■ WHAT THE TASK ASKS: Take the entries below and reproduce exactly the portion that begins at the line containing "ELTARI Pine House - 6" and ends at the line containing "記事画像 「ペットが薬やサプリを飲んでくれない：原因や具体的な対処法を解説」", keeping both ends, dropping pictures, and adding nothing else.

■ STUDY MATERIAL:
Content starts

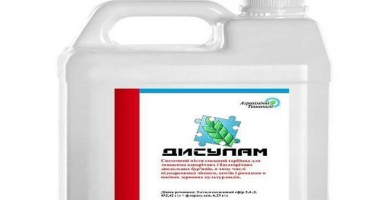 Návod k použití herbicidu disulam, mechanismus účinku a míry spotřeby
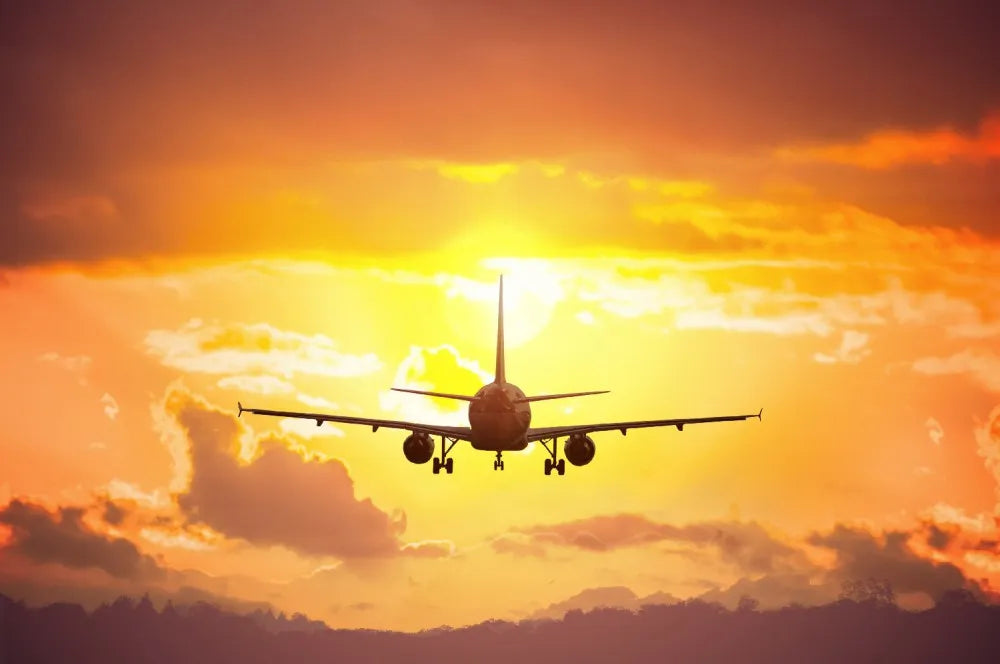 The plane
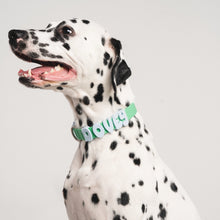 Charger l'image dans la galerie, Charms en silicone pour colliers ou laisses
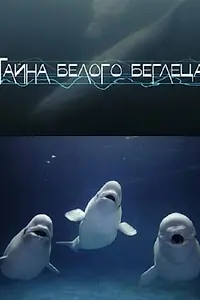 Постер к фильму «Тайна белого беглеца (2012)»
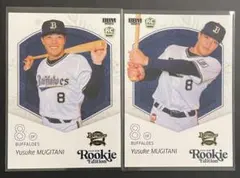 Item thumbnail for item 0631668b-7059-40c6-b497-eee46a3a9b49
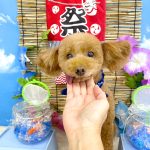 トイプードル　ドリーくん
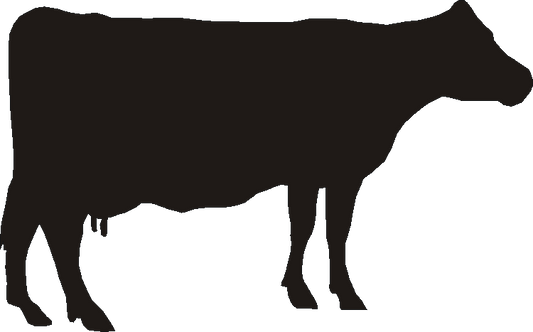 Guernsey Silhouettes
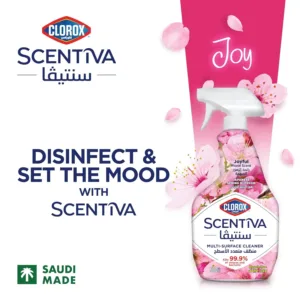 clorox multi surface 2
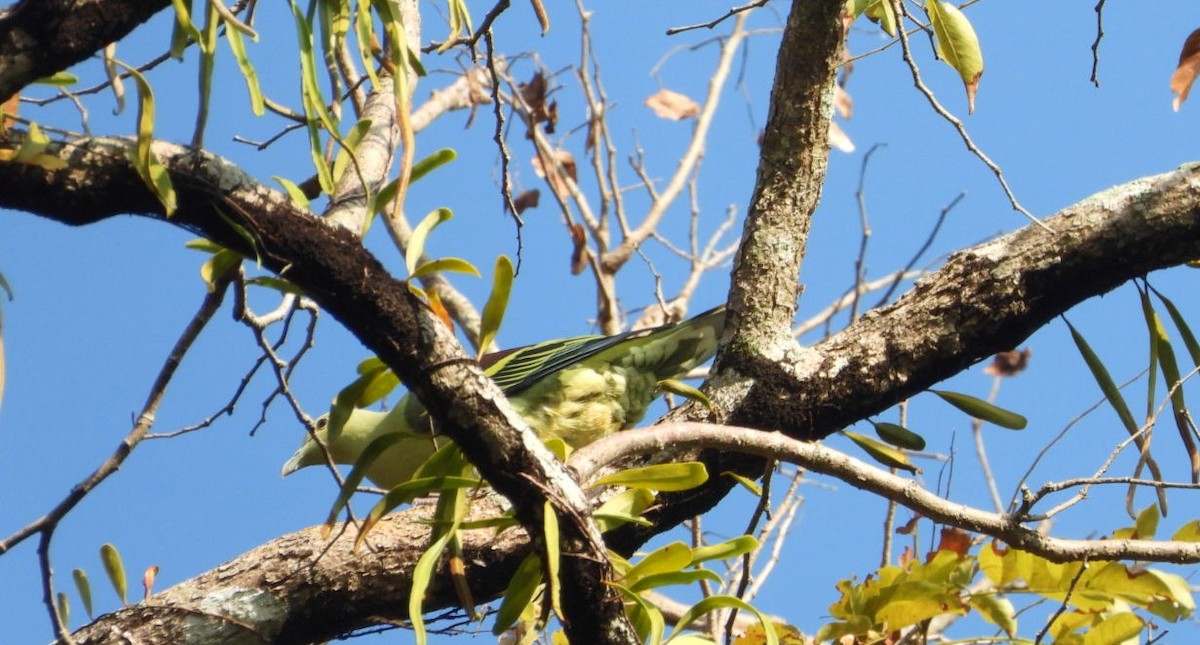 Andaman Green-Pigeon - Chaiti Banerjee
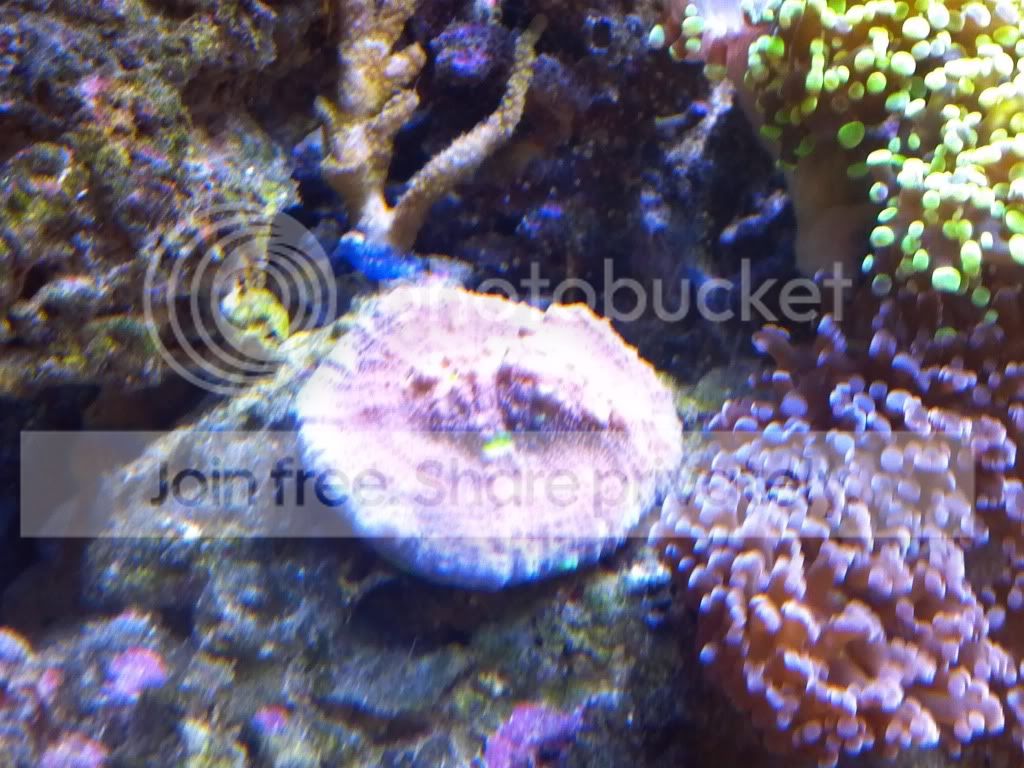 2012-01-17_13-55-52_742.jpg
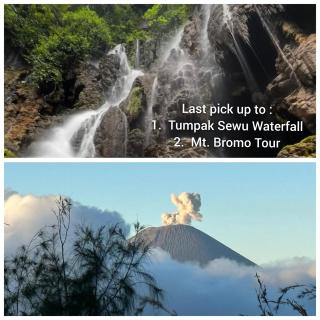 ELTARI Pine House - 6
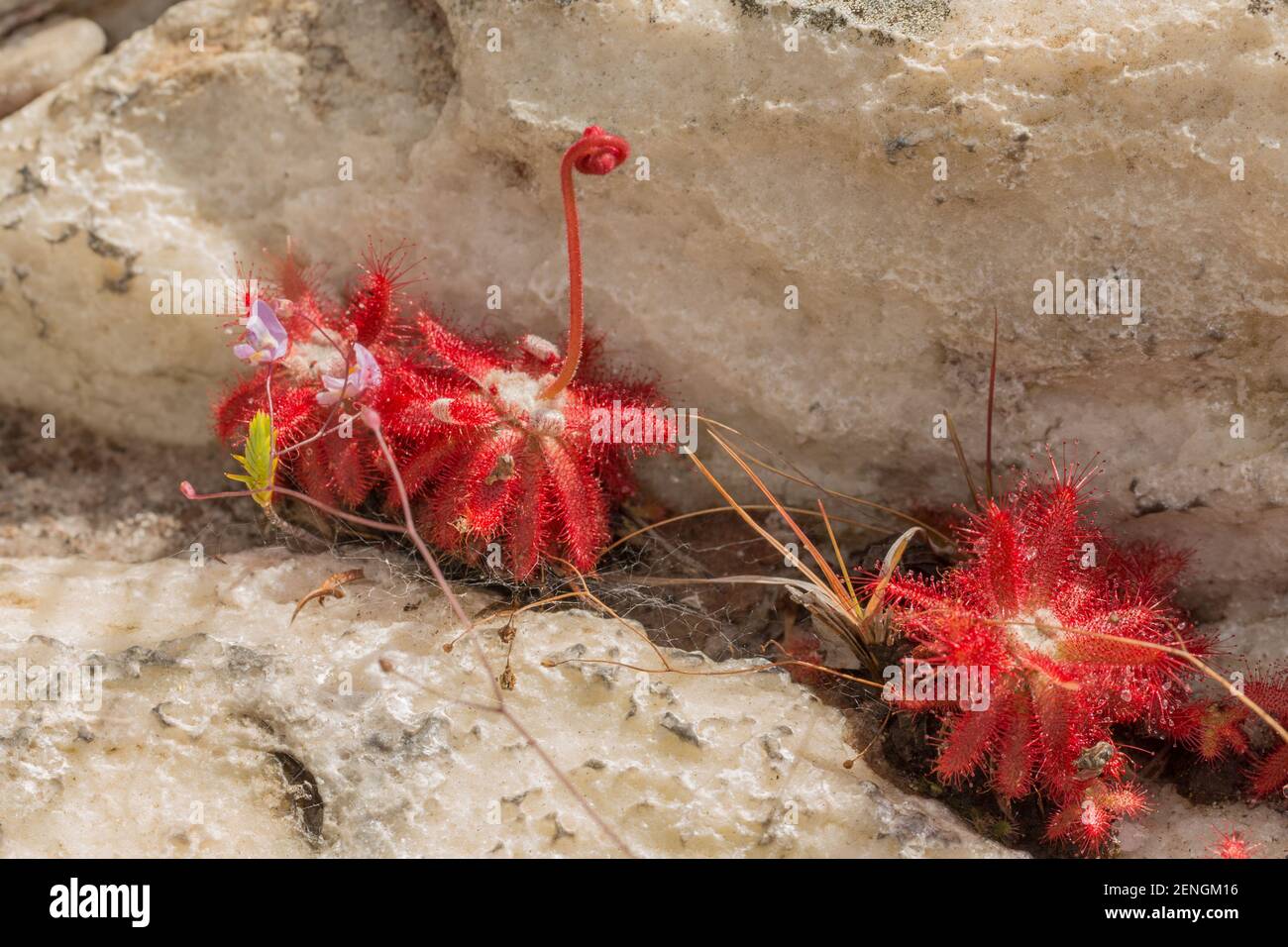 Quelques Drosera graomogolensis croissant dans un cravice près de Botumirim à Minas Gerais, Brésil Banque D'Images
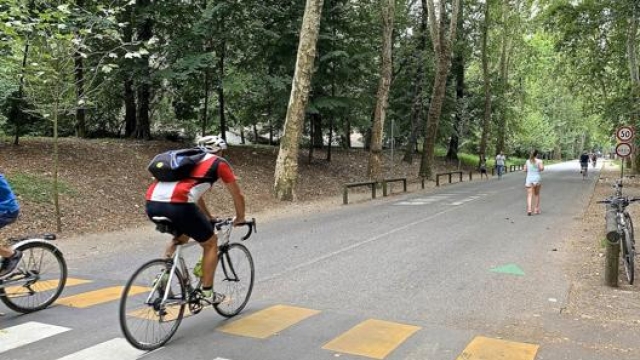Viale Cavriga nel Parco di Monza d’estate è frequentato da ciclisti e runner. Masperi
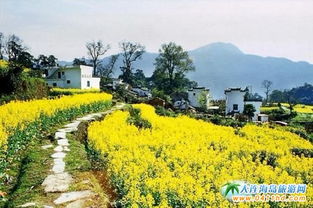 ② 高速上那段“4小时”——高速收费站、 加油站、以及不靠谱的导航语音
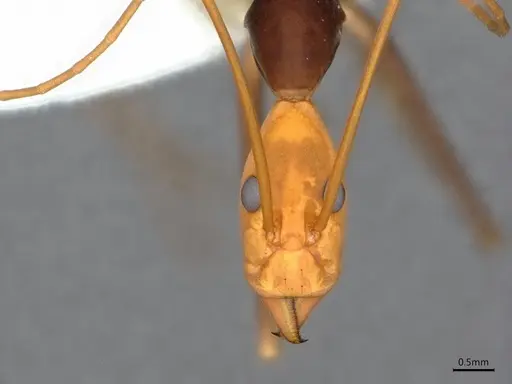 Leptomyrmex ruficeps specimen CASENT0841230 image casent0841230_2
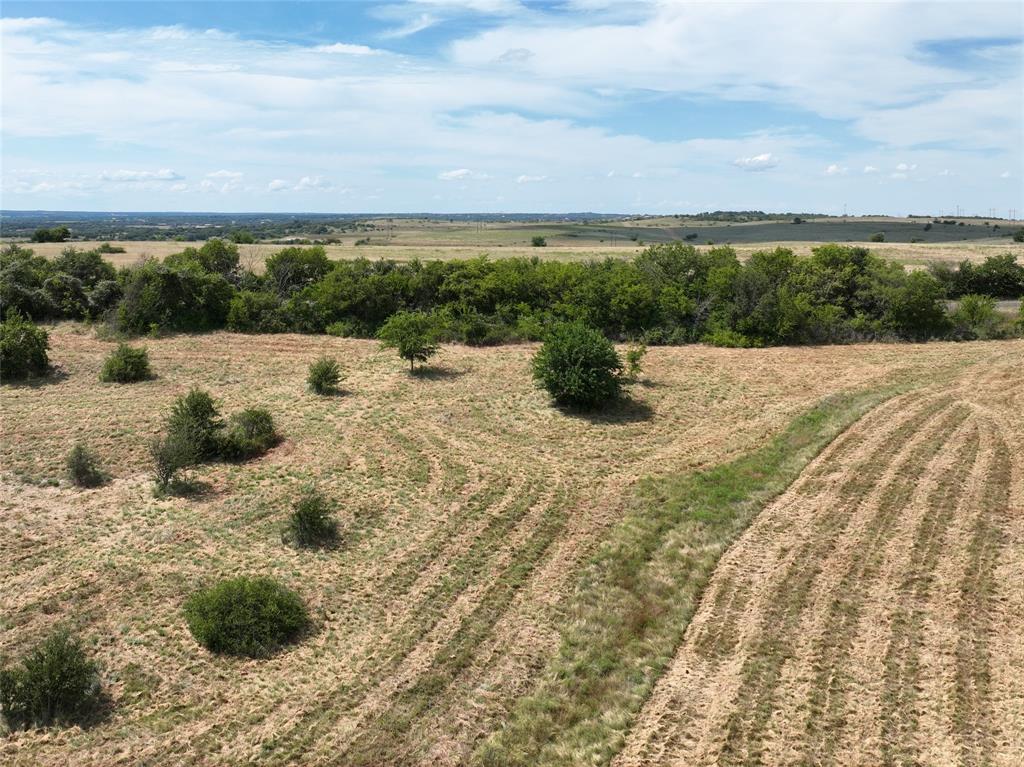 5885 E Old Springtown Road Weatherford, TX 76085 - Photo 6 of 9 a view of a dry yard with wooden fence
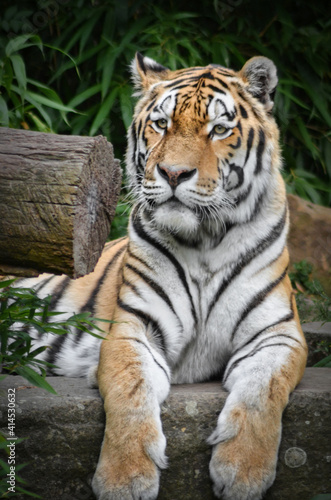 siberian tiger with observing eyes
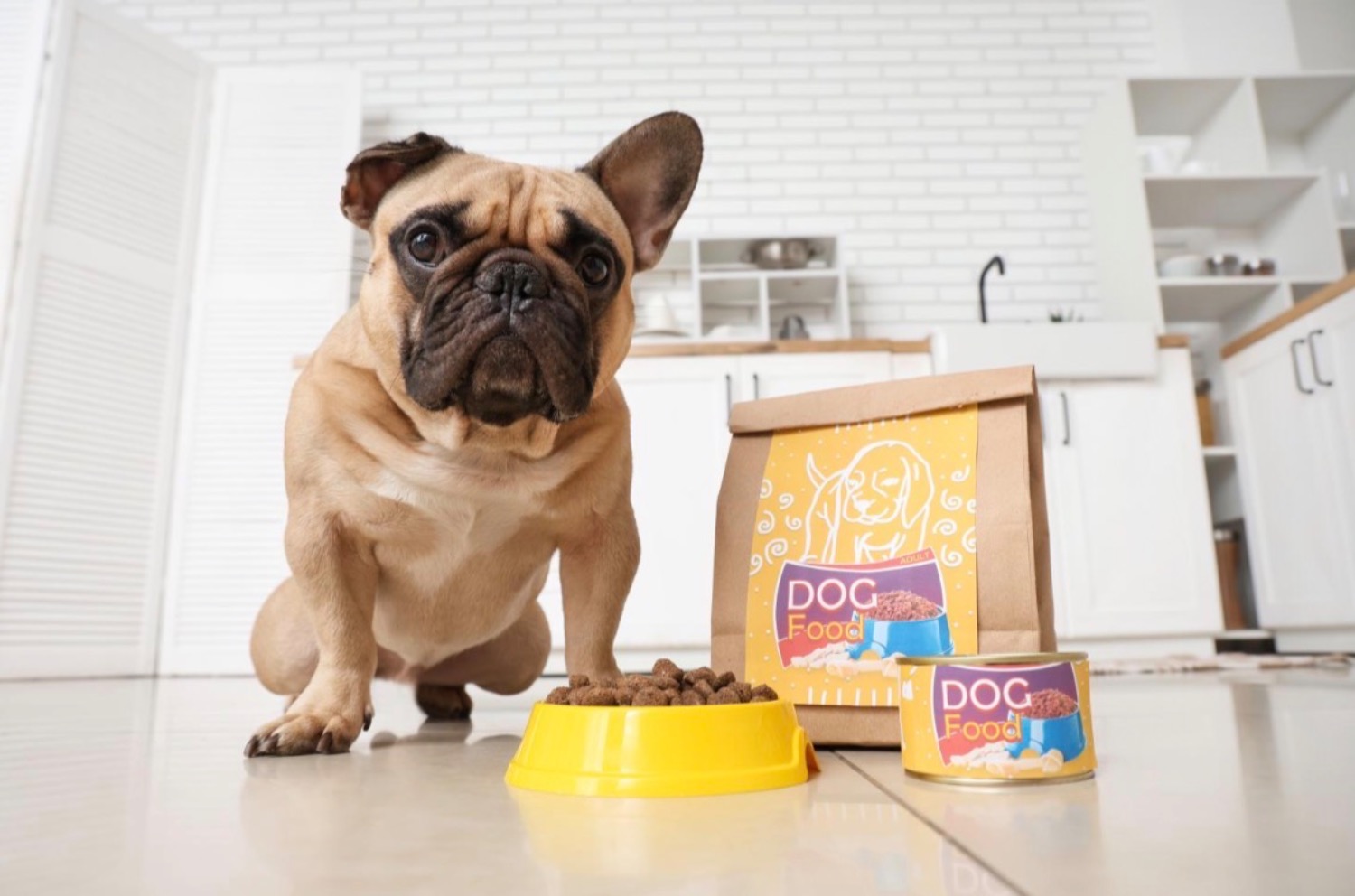 記事画像 「ペットが薬やサプリを飲んでくれない：原因や具体的な対処法を解説」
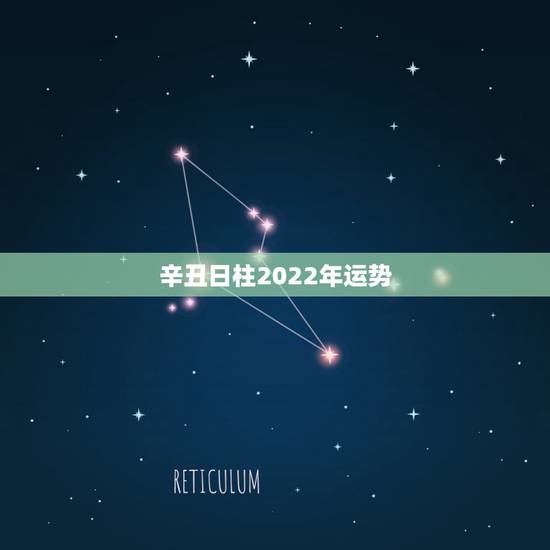 辛丑日柱2022年运势,辛丑日柱2021年婚姻怎么样?求大神指点 辛丑日柱2022年运势,辛丑日柱2021年婚姻怎么样?求大神指点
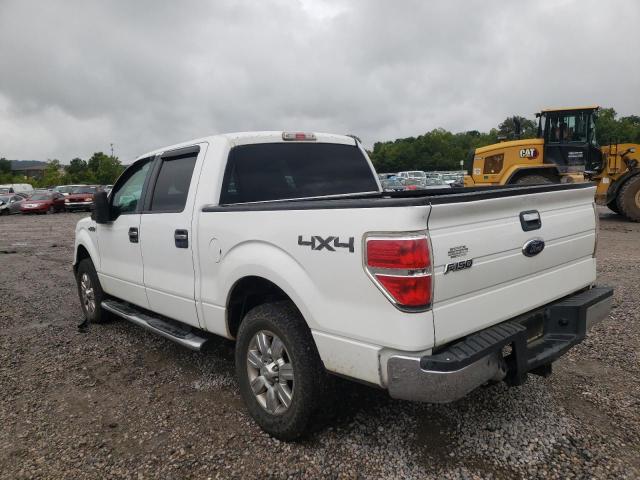 Photo 3 from auction – 2010 FORD F150 SUPER with VIN 1FTEW1E86AFC53170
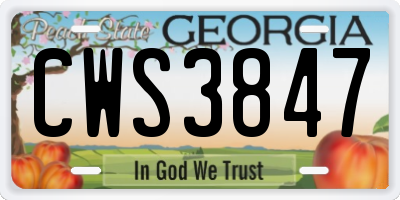 GA license plate CWS3847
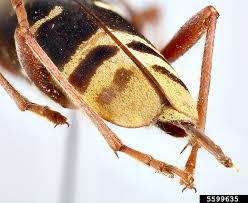 Attēlu rezultāti vaicājumam “Plagionotus detritus”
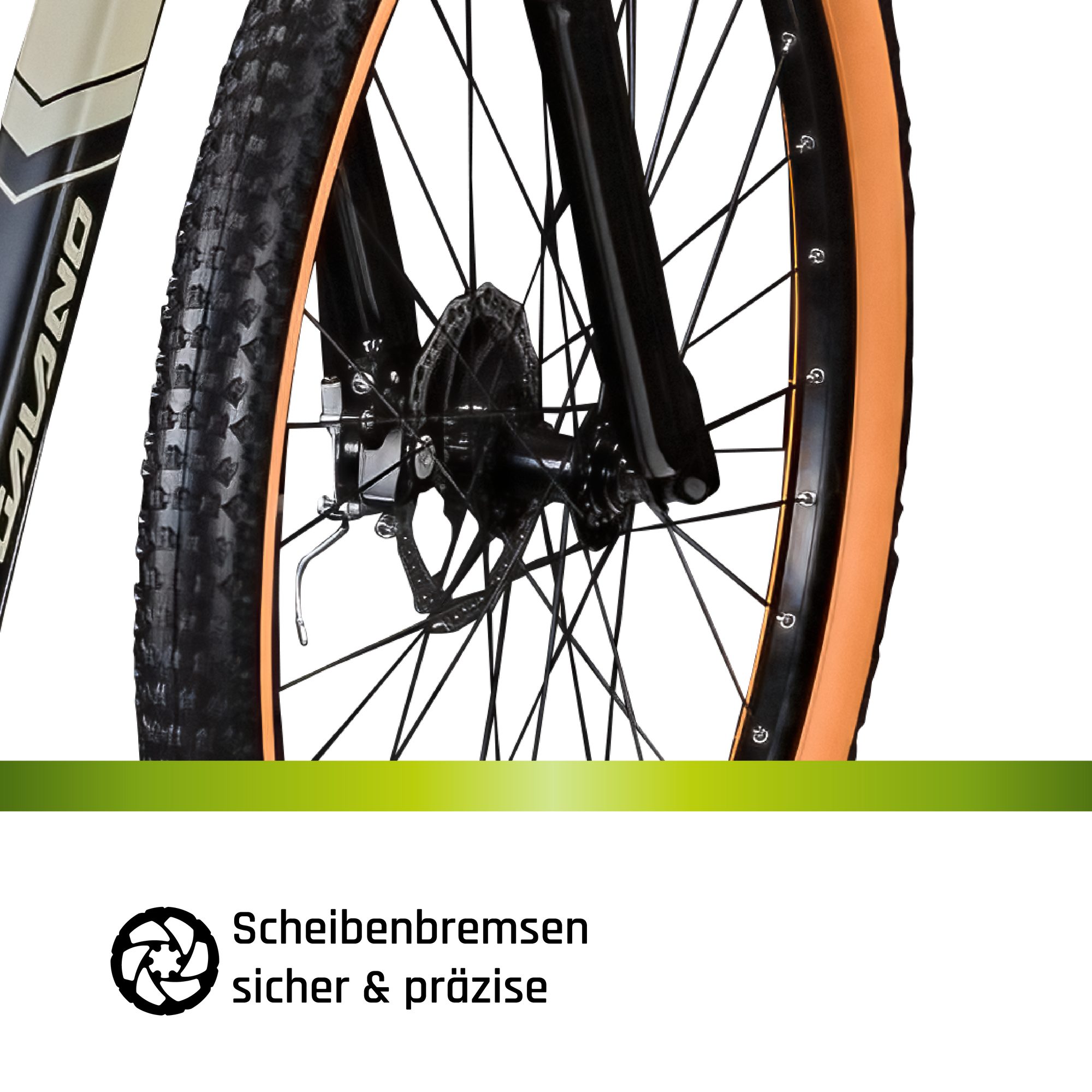 Galano Mountainbike Toxic 29", 21 Gang, Kettenschaltung, Mountainbike Hardtail 29 Zoll MTB Fahrrad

Content ends

■ EXERCISE OUTPUT:
 ELTARI Pine House - 6
 Quelques Drosera graomogolensis croissant dans un cravice près de Botumirim à Minas Gerais, Brésil Banque D'Images
Viale Cavriga nel Parco di Monza d’estate è frequentato da ciclisti e runner. Masperi
 ② 高速上那段“4小时”——高速收费站、 加油站、以及不靠谱的导航语音
 Leptomyrmex ruficeps specimen CASENT0841230 image casent0841230_2
 5885 E Old Springtown Road Weatherford, TX 76085 - Photo 6 of 9 a view of a dry yard with wooden fence
 siberian tiger with observing eyes
 記事画像 「ペットが薬やサプリを飲んでくれない：原因や具体的な対処法を解説」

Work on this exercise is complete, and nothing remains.